▸ **TASK OBJECTIVE**
Within the listing that follows, reproduce exactly the lines starting at the line with "Folds Design Sml" and ending at the line with "Denise Milan impressão", inclusive, and only those. Pictures are dropped.

▸ **DATA SHOWN**
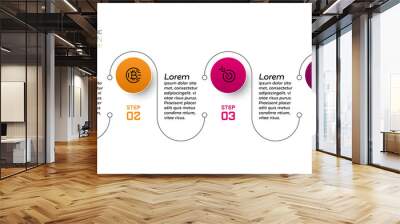 Line and circle 4-step design for presentation or communication of various processes. infographic design. Wall mural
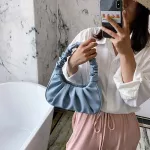 Folds Design Sml Pu Leather Oulder Bags For Women Elnt Handbags Fe Travel Totes Lady Hand Bag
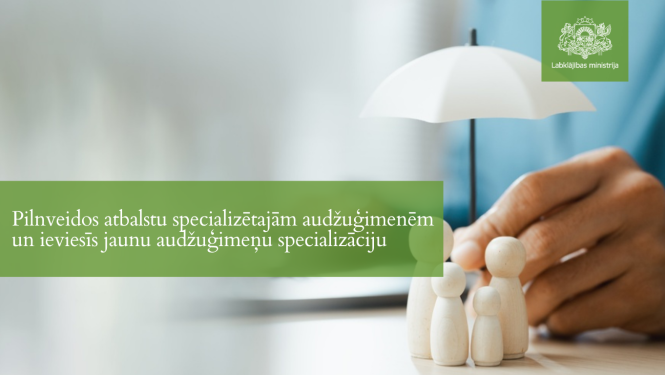 Attēlā redzama koka figūriņu ģimene zem lietussarga, kas simbolizē aizsardzību, drošību un atbalstu. Attēlā izvietots Latvijas Labklājības ministrijas logotips un teksts par pilnveidotu atbalstu specializētajām audžuģimenēm un jauniešu audžuģimeņu specializāciju.
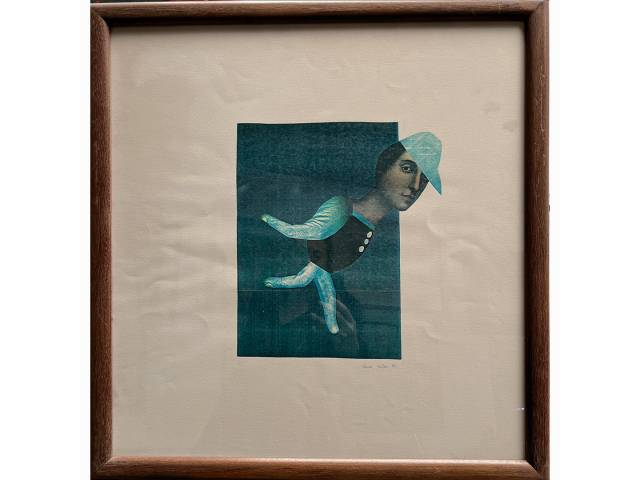 Denise Milan impressão sobre cartão 55x50cm "O Passaligeiro" ass  .CID datada 1980.com cachê da galeria de Artes São Paulo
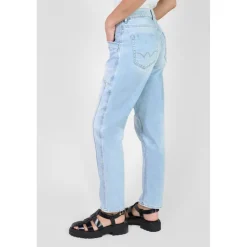 Jeans loose, large 400/60 girlfriend taille haute, longueur 34 bleu Gigi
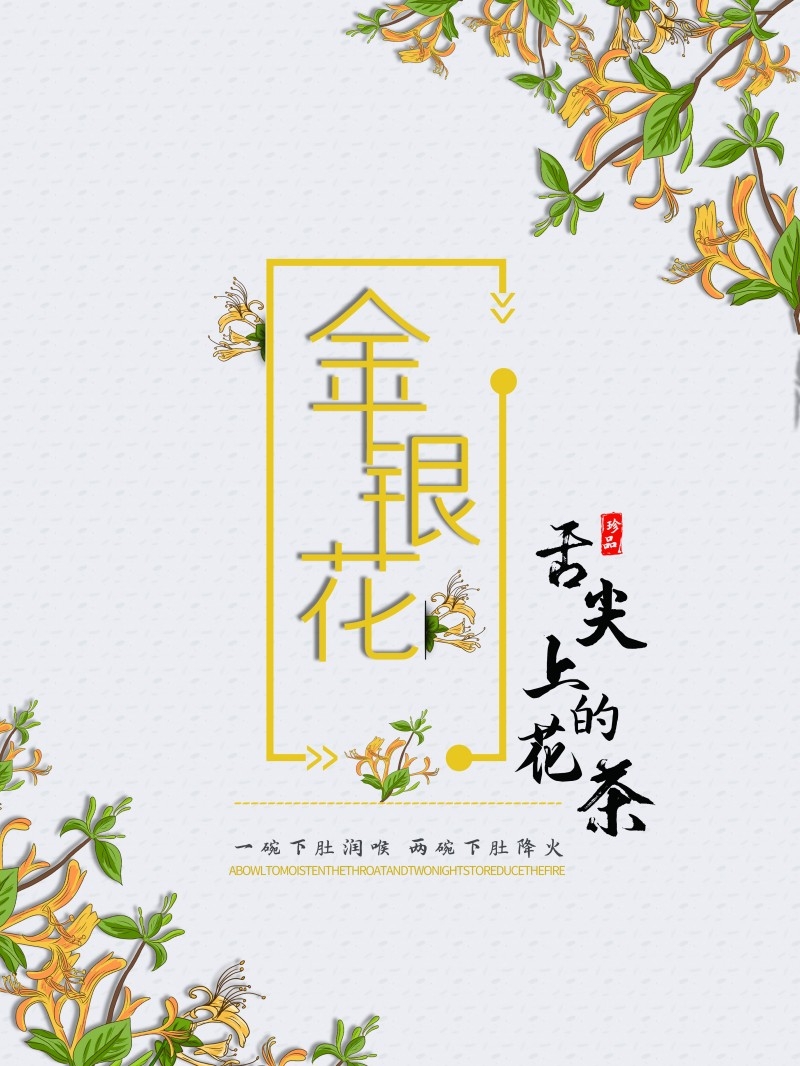 金银花茶展板海报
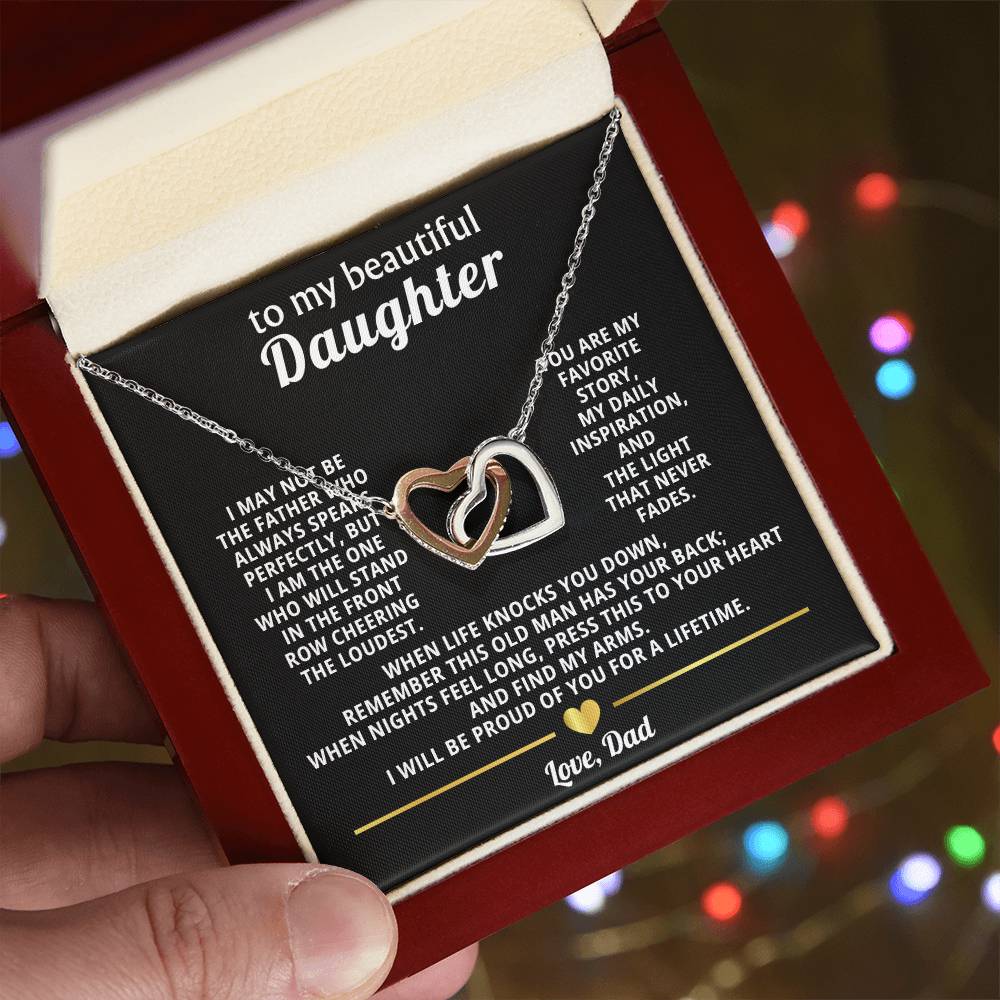 Daughter Interlocking Hearts Necklace Gift from Dad
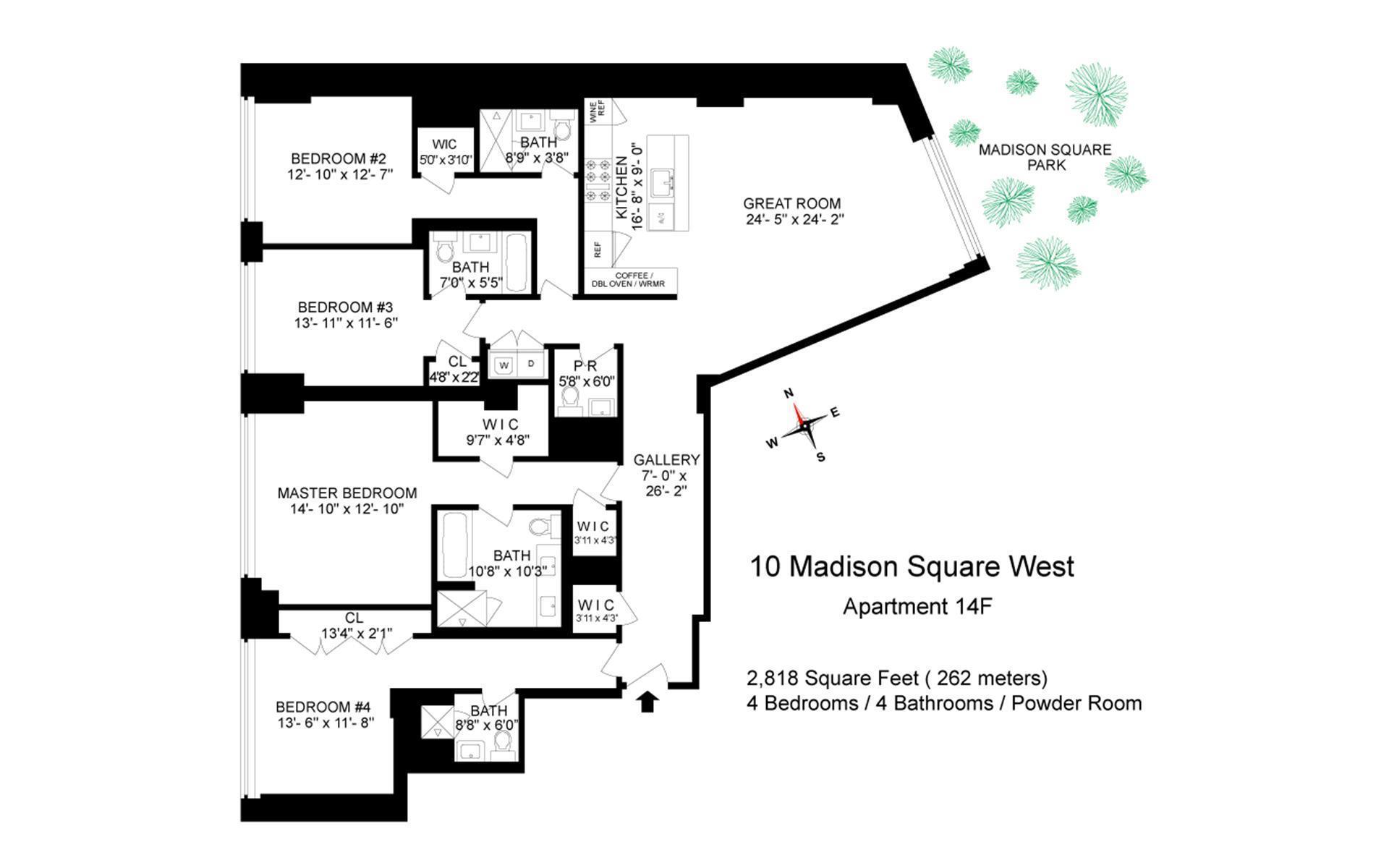 Floorplan for 10 Madison Square, 14F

▸ **EXERCISE RESPONSE**
 Folds Design Sml Pu Leather Oulder Bags For Women Elnt Handbags Fe Travel Totes Lady Hand Bag
 Attēlā redzama koka figūriņu ģimene zem lietussarga, kas simbolizē aizsardzību, drošību un atbalstu. Attēlā izvietots Latvijas Labklājības ministrijas logotips un teksts par pilnveidotu atbalstu specializētajām audžuģimenēm un jauniešu audžuģimeņu specializāciju.
 Denise Milan impressão sobre cartão 55x50cm "O Passaligeiro" ass  .CID datada 1980.com cachê da galeria de Artes São Paulo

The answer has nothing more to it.